TASK INPUT:
== Segment start ==

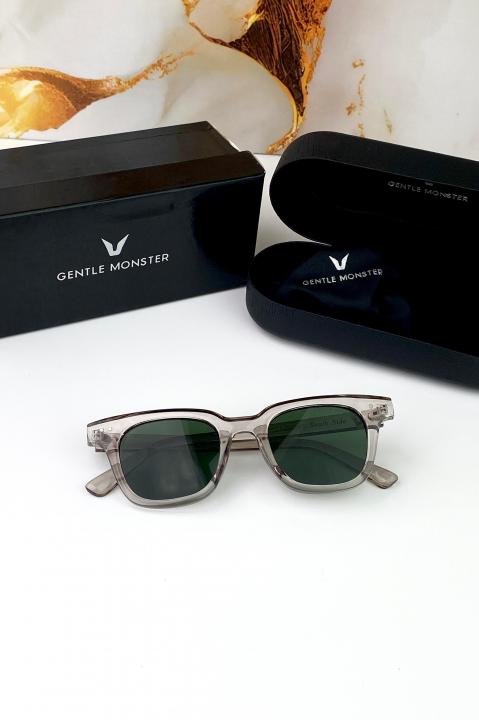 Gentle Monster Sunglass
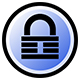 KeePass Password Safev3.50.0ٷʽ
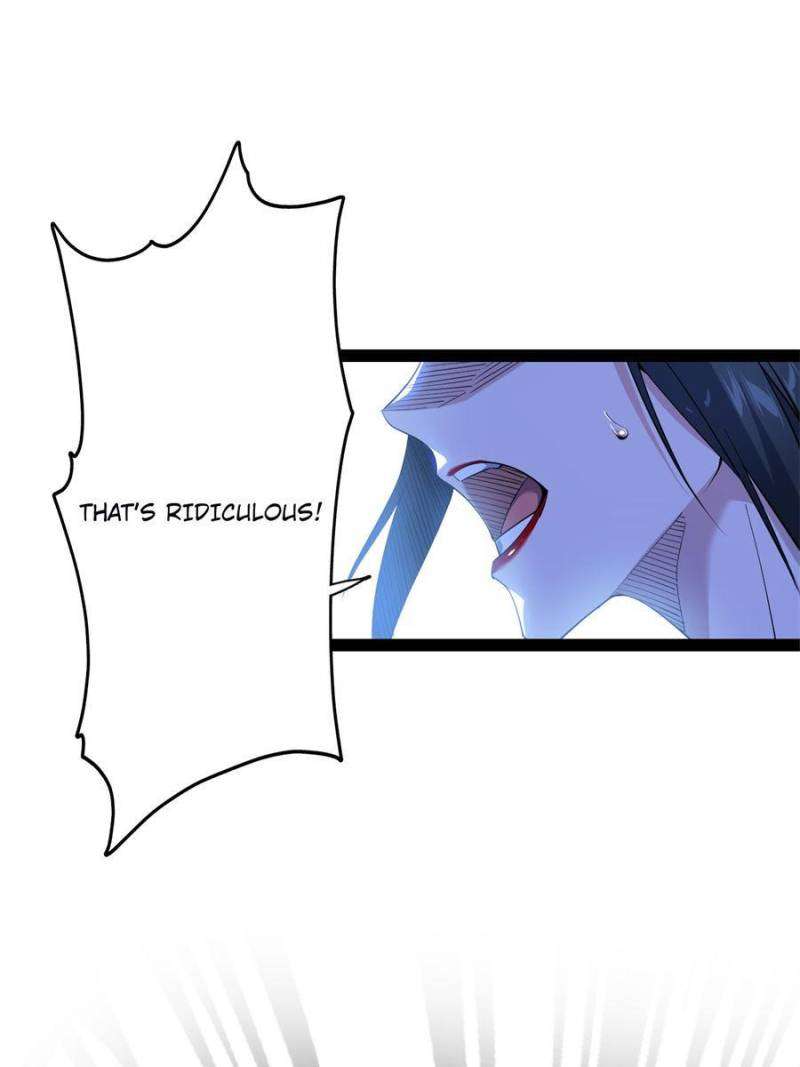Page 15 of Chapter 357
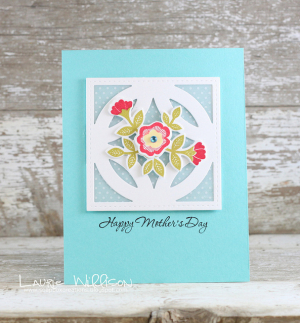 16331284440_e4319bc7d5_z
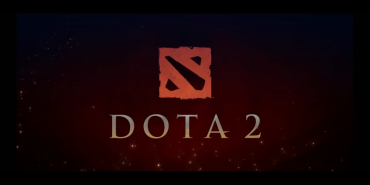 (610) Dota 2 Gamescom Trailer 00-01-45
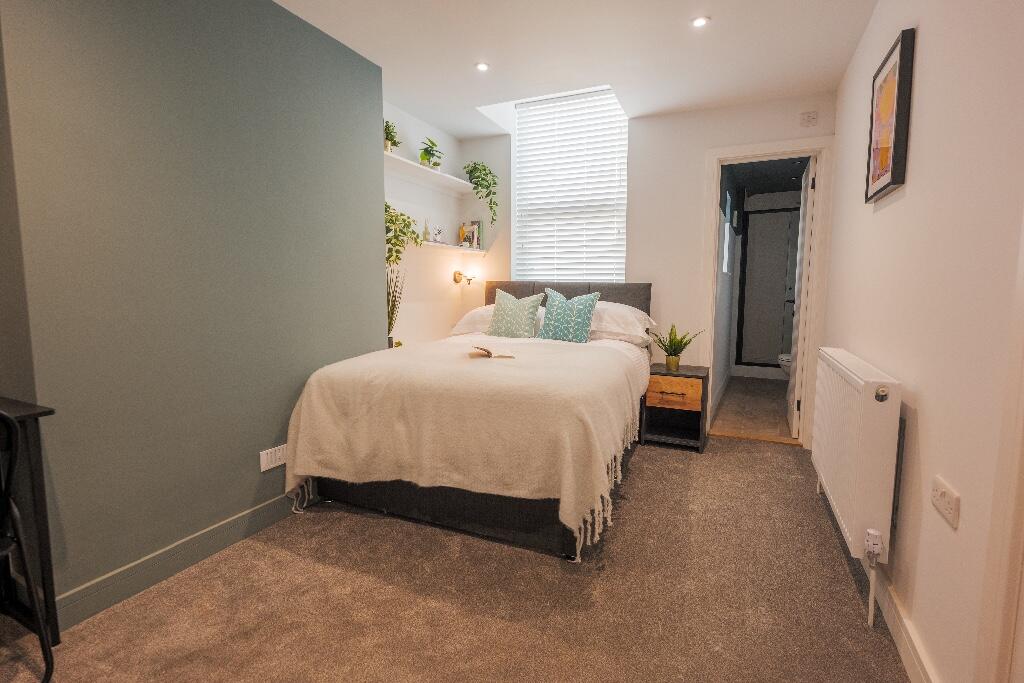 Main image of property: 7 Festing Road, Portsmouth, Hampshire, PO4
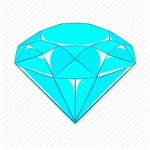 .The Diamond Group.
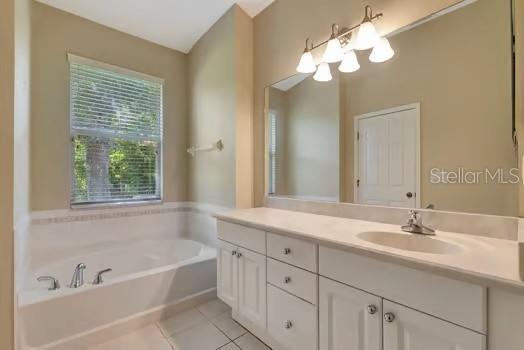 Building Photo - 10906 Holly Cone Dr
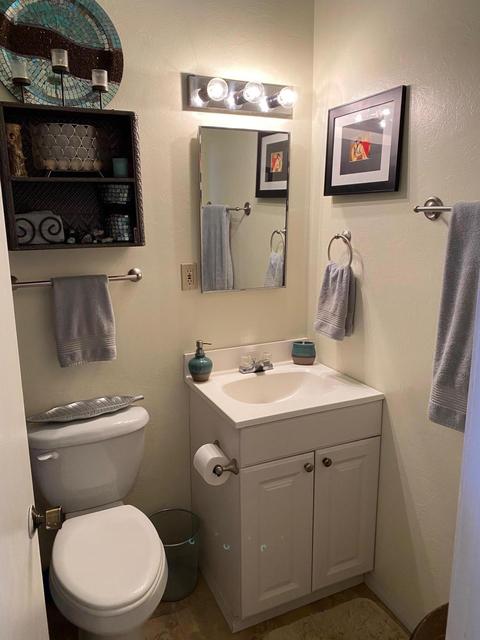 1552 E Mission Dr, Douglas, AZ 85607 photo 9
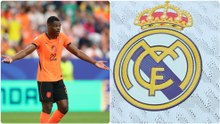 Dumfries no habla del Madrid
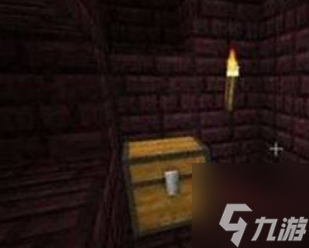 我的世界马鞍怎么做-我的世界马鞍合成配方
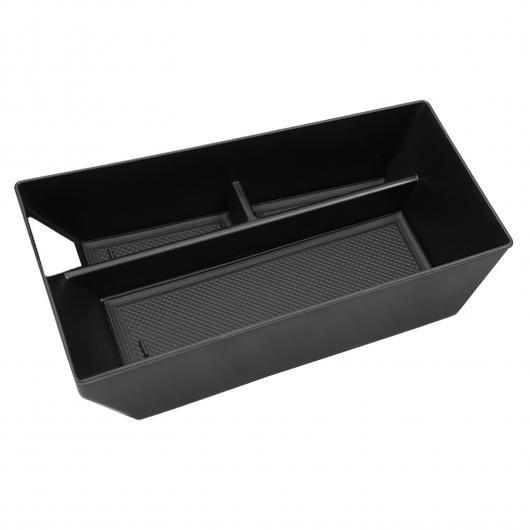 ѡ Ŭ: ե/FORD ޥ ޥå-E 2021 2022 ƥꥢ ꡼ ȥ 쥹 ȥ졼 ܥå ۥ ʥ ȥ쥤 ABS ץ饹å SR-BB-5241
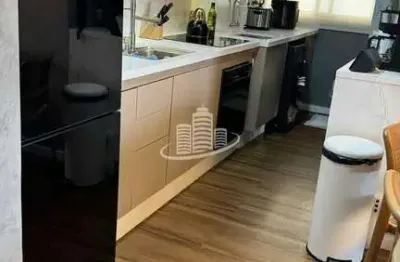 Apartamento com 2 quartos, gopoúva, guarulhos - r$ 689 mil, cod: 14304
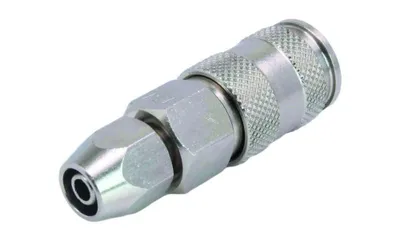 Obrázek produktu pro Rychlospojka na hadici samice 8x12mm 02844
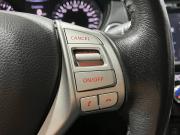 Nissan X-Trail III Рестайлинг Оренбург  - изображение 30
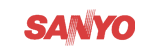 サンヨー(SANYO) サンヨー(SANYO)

== Segment end ==

THE TASK:
Reproduce exactly the lines above from the one with "ѡ Ŭ: ե/FORD" through the last line of the data, keeping both ends and dropping the pictures.

ANSWER TO THIS TASK:
 ѡ Ŭ: ե/FORD ޥ ޥå-E 2021 2022 ƥꥢ ꡼ ȥ 쥹 ȥ졼 ܥå ۥ ʥ ȥ쥤 ABS ץ饹å SR-BB-5241
 Apartamento com 2 quartos, gopoúva, guarulhos - r$ 689 mil, cod: 14304
 Obrázek produktu pro Rychlospojka na hadici samice 8x12mm 02844
 Nissan X-Trail III Рестайлинг Оренбург  - изображение 30
 サンヨー(SANYO) サンヨー(SANYO)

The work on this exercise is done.